The plaintiff prayed that the state of Kentucky, the treasurer of Madison county, and the treasurer of the county board of education, respectively, have judgment against the defendants McWilliams and Kremer for the amounts alleged to be due in his petition and interest and costs. There is in the record, marked "Exhibit tendered and offered," what purports to be a copy of a resolution of the Madison county fiscal court employing Mr. Kremer as attorney for a contingent fee to recover the taxes indicated in the petition. Since the filing of the appeals there has been filed in this court a statement of appellant and a receipt showing the satisfaction of the claim asserted in behalf of the school board and suggesting that, in so far as the suit undertakes to recover for it, the case is moot.

Appellant in brief concedes he had made no request of the fiscal court or the board of education to institute suit to recover the money alleged by him as being due. He recognizes the law to be that before a taxpayer may maintain a suit of this character, a demand must have been made and denied, unless it appears that it would have been futile. He relies on Taylor v. Todd, 241 Ky. 605, 44 S.W.2d 606, 607, and cases of that class. It will be observed that in those cases where such right to maintain the suit was sustained, the fiscal court or other municipal body or the individual officer was a party defendant, or it was shown in the pleading that the suit was to right a wrong which it or he had committed. The cases are reviewed in Taylor v. Todd and in Commonwealth, by and through Barton, v. Mauney, 258 Ky. 429, 80 S.W.2d 568.
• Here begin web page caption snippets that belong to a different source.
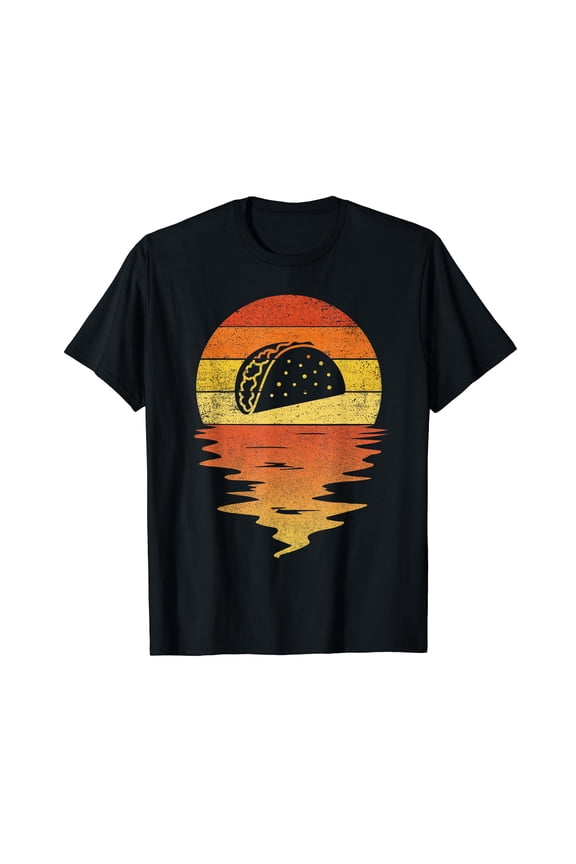 Men's Taco shirt retro sunset 70s vintage Tacos Black T-Shirt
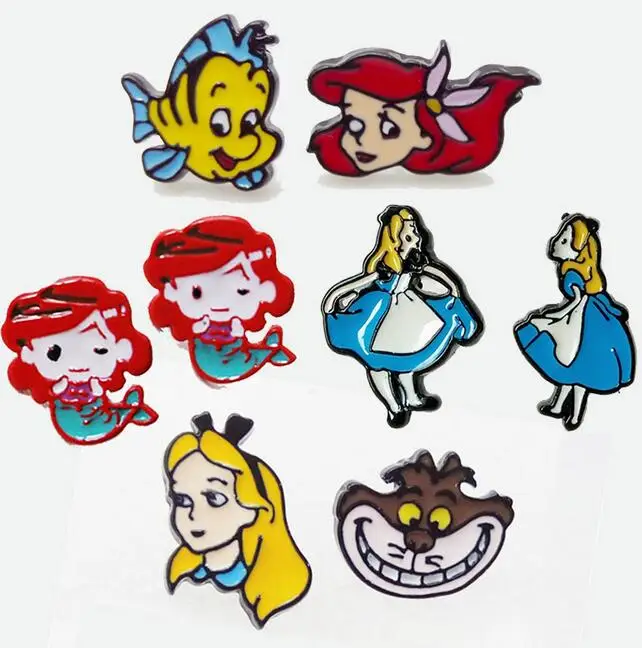 New 12 pairs Cartoon Mix Alice in Wonderland Princess Earings Cartoon Women Girl Children kids Lovely Gifts free shipping M-206
New 12 pairs Cartoon Mix Alice in Wonderland Princess Earings Cartoon Women Girl Children kids Lovely Gifts free shipping M-206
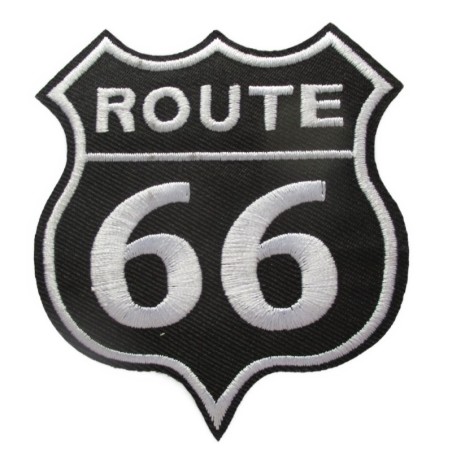 Patch logo pointu Route 66 noir et blanc 8x7cm écusson thermocollant
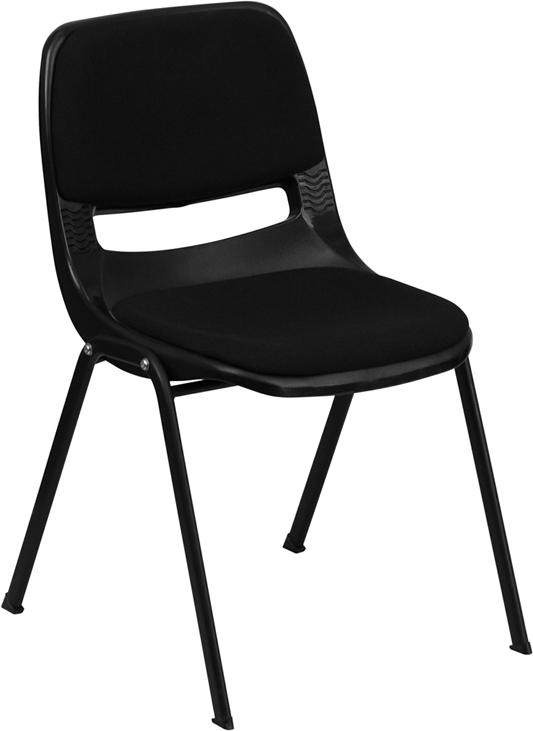 Flash Furniture HERCULES Series 880 lb. Capacity Black Ergonomic Shell Stack Chair with Padded Seat and Back – RUT-EO1-01-PAD-GG Online Sale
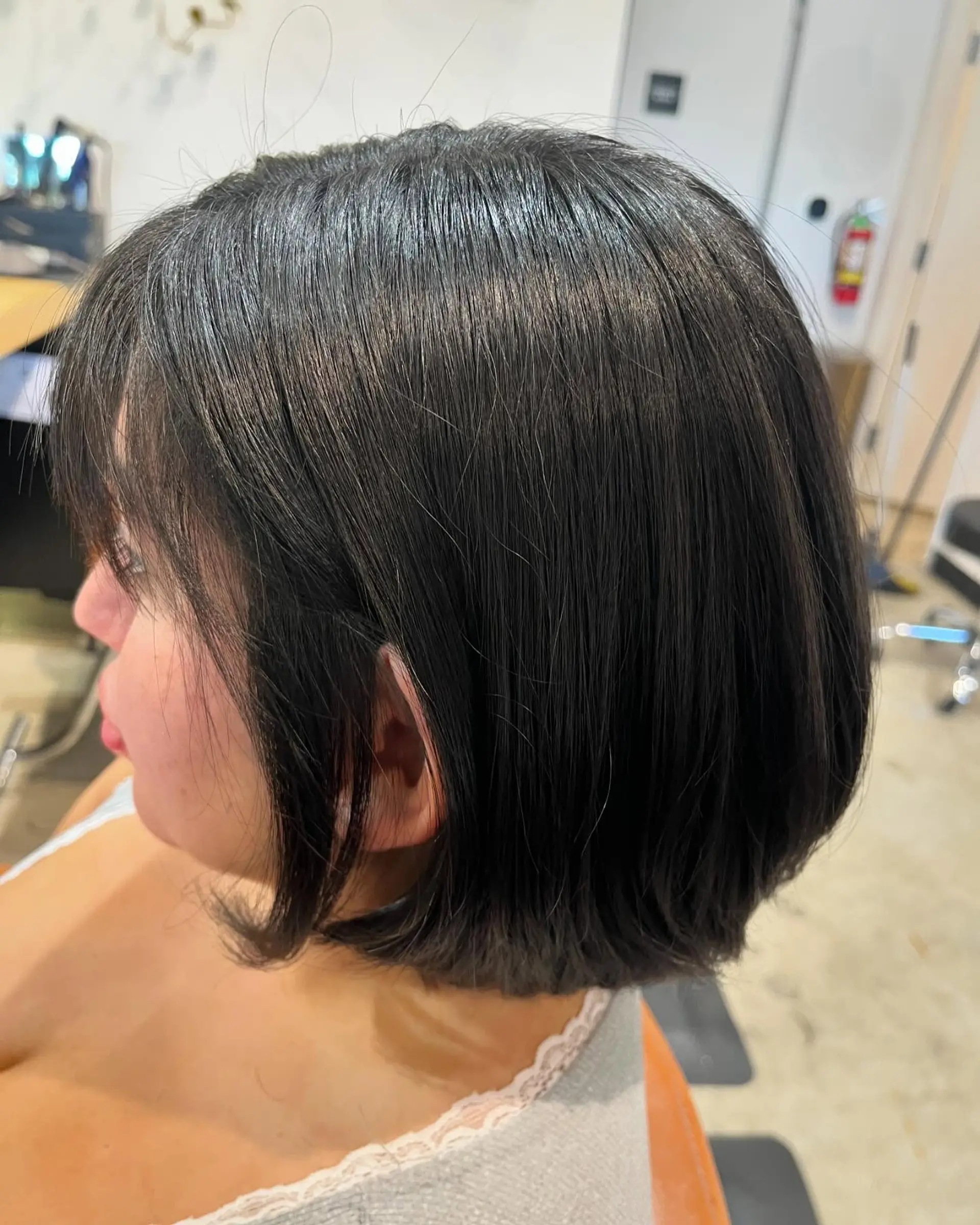 A sleek, chin-length dark brunette bob featuring subtle texture and soft, face-framing fringe. 1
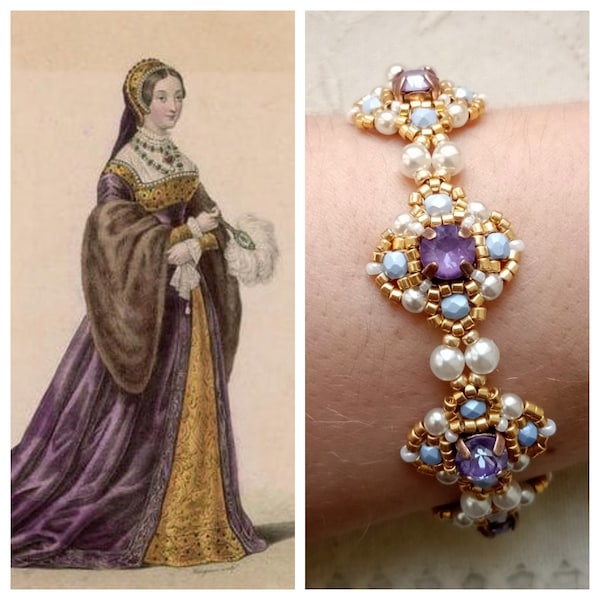 Tudor 12 - Bracelet Renaissance inspiration - perles de rocailles violet/or -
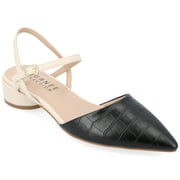 Journee Womens Brynn Croco Vegan Leather Pointed Toe Flats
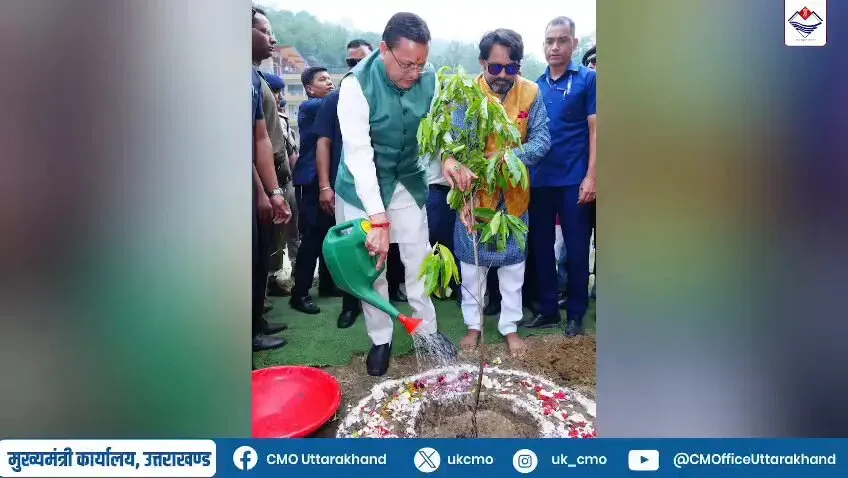 CM Dhami Launches Harela Tree Plantation Drive in Pauri Garhwal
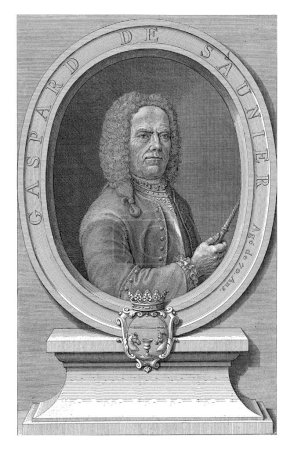 Foto de Retrato del establo Gaspard de Saunier, David Coster, c. 1717 - c. 1748 Retrato del establo y autor de calzoncillos Gaspard de Saunier. - Imagen libre de derechos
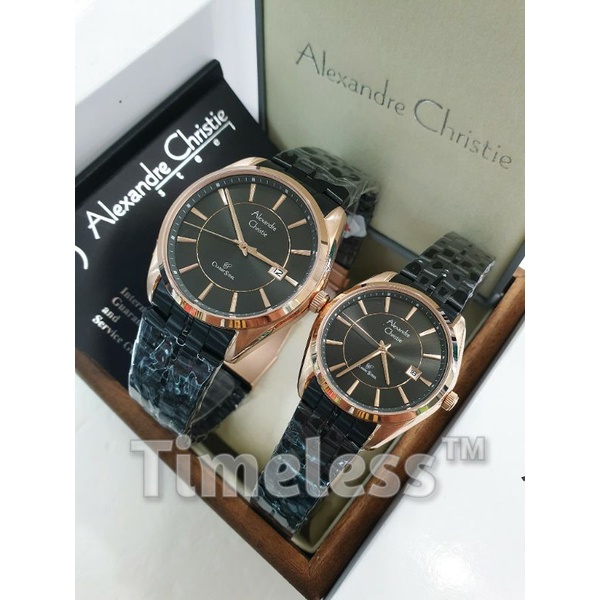 Jam tangan couple alexandre christie ac 8578 MD Black Rosegold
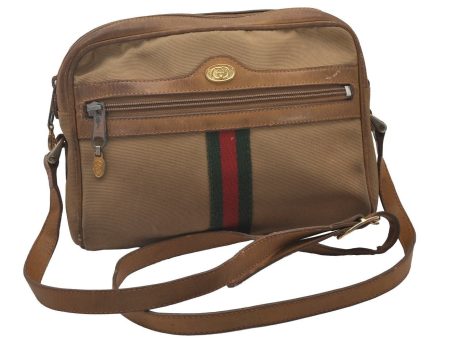 Auth GUCCI Web Sherry Line Shoulder Bag Canvas Leather 145809 Beige Junk 5282I Online Sale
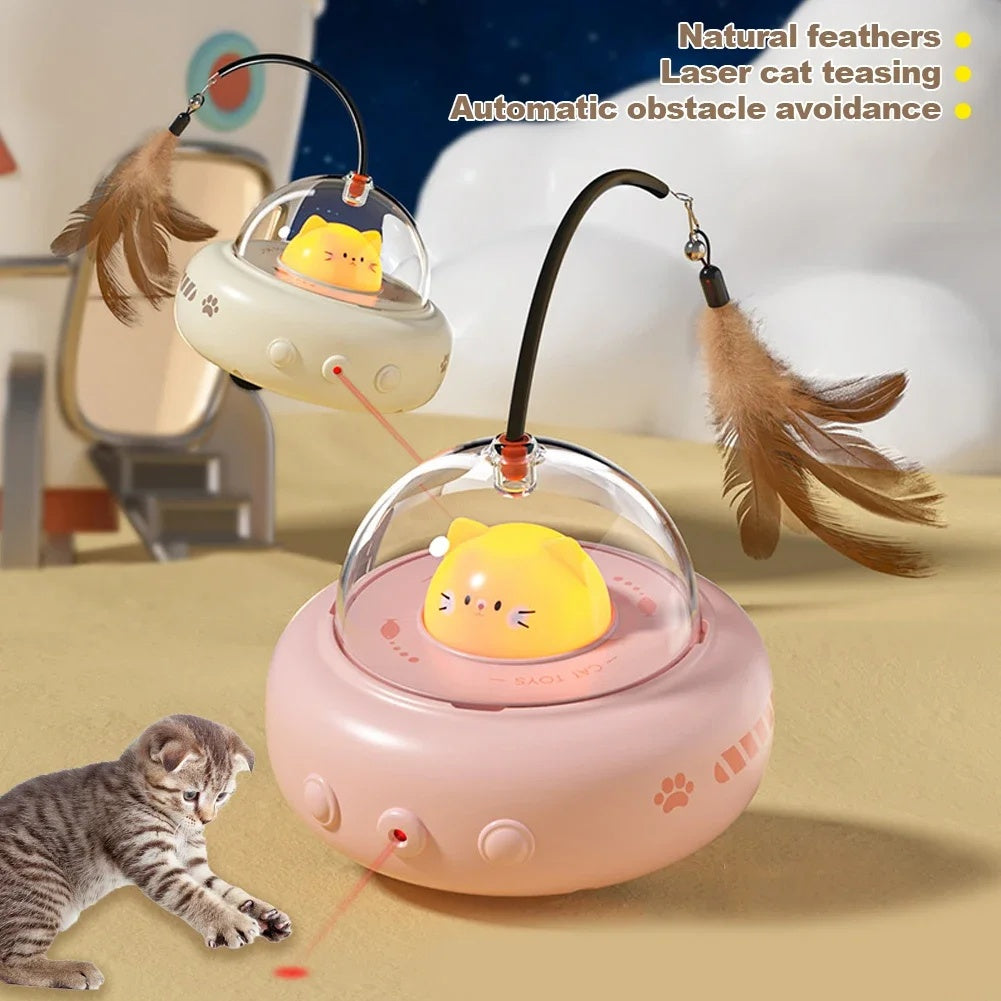 Smart Electric UFO Cat Teaser Toy with Feather and Bell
We may overlook the omission of allegations that the suit was filed by the plaintiff for himself and other taxpayers for the use and benefit of the commonwealth or the county and perhaps other technical defects, as it is sufficient to say that the petition does not allege any facts establishing an excuse for not making demand upon the proper officers that they should endeavor to recover what is alleged to be due. Hence, the pleading *Page 281 was not sufficient to bring the case within the exceptions relied on. The court therefore properly sustained the special demurrer.

Judgment affirmed.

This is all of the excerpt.